Downtown residents also fondly recall Cracraft’s relationship with a squirrel on Fort Alley who would come out and sit nearby while Cracraft played.
Dennis Maloney, a second Lieutenant with the local Civil Air Patrol often walks his dogs downtown. He said Cracraft could often be seen playing his bongos on Fort Alley, riding his bike on U.S. 1, or on East San Carlos coming from a homeless camp near Usina Bridge.
Others posted on Facebook wanting to express their grief, and fond memories of Cracraft.
“I am very sad to hear that Doug was murdered,” wrote Sondra Gabriel. I often him riding his bike around town, and talked with him a few times. I will miss him.”
Another emailed, “Doug was part of the fabric of the community. I don’t think unless someone lives here in St. Augustine, they could understand how tightly interwoven we are as a community. Yes, Mr. Cracraft was homeless, but he was a human being and he was also one of our own. He didn’t cause any trouble for anyone… I am very grieved.”
Gili Riedel Lochner wrote, “I remember him too. He was soft spoken and polite. He collected aluminum cans from one of my friend’s businesses down there.”
Many readers were angered and disturbed by the way Cracraft died.
Keith Mitchell, a waiter in a downtown restaurant near where Cracraft played wrote in an email, “I can’t imagine anyone harming Doug. It just doesn’t make good sense. I still feel sick over this.”
Maloney added, “Doug seemed like a solitary guy who didn’t bother anybody. He didn’t deserve this end.”
Arrested and charged with Cracraft’s death is Matthew Steven Horn, 43, who is listed as “homeless, St.
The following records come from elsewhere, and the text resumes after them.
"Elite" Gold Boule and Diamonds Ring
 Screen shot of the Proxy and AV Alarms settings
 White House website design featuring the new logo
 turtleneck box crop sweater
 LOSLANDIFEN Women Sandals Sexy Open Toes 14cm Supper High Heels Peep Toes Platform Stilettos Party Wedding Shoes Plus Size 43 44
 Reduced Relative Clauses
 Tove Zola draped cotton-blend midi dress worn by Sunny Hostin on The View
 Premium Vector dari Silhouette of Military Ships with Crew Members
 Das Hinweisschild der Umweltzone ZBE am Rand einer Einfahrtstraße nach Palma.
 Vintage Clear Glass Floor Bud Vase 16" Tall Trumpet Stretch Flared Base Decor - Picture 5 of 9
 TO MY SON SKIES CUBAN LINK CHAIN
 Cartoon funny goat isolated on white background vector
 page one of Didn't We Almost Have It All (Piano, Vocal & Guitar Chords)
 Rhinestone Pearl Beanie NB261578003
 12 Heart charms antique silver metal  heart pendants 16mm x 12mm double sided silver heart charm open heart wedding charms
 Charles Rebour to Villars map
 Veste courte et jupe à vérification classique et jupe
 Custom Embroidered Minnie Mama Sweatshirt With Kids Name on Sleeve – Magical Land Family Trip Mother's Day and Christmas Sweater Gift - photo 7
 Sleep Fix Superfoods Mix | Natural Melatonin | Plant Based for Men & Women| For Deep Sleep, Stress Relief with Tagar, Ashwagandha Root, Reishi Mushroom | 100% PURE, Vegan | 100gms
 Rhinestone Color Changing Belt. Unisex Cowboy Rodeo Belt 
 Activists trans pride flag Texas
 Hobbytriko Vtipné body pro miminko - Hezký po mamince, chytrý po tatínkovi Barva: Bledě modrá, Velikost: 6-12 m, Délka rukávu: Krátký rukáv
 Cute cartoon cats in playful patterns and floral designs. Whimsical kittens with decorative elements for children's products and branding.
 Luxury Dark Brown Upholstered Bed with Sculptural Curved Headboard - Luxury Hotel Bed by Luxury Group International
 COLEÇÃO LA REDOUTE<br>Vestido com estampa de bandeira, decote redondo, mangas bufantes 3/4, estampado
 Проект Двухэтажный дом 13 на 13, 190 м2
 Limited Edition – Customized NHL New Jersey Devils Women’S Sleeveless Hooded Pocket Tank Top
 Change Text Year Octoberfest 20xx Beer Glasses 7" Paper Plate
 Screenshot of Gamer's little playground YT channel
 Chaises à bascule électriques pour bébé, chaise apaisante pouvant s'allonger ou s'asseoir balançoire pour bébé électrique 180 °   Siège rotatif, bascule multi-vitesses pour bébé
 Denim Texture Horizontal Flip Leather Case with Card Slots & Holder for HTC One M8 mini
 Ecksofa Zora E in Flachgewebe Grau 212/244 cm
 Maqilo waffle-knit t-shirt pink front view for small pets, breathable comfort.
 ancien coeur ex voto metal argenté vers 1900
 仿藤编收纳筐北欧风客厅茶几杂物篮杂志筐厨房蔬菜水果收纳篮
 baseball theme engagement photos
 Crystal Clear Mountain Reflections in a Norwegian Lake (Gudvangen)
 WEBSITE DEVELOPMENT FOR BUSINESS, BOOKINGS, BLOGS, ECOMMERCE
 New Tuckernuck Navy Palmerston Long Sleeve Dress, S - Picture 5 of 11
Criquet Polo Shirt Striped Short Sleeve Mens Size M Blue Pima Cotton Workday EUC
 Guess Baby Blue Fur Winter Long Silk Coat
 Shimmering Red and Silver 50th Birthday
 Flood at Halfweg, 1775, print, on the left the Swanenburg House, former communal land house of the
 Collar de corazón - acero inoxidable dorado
Augustine” on the booking log at the St. Johns County Jail:http://www.sjso.org/inmate_search_warrants.aspx
Horn remains in the county jail without bond and is charged with willful homicide. According to St. Augustine Police Department spokesman Mark Sampson – it could take up to a year before Horn faces trial for Cracraft’s murder.
Sampson said while there has been no actual confession from Horn, details have emerged in the case that point to Horn possibly murdering Cracraft over a soiled cot that Cracraft fell asleep on, and that the crime was alcohol-induced.
Sampson said the case is one of 19 homicides in St. Johns County currently being processed by the State Attorney’s Office – but noted these were not all new or recent crimes.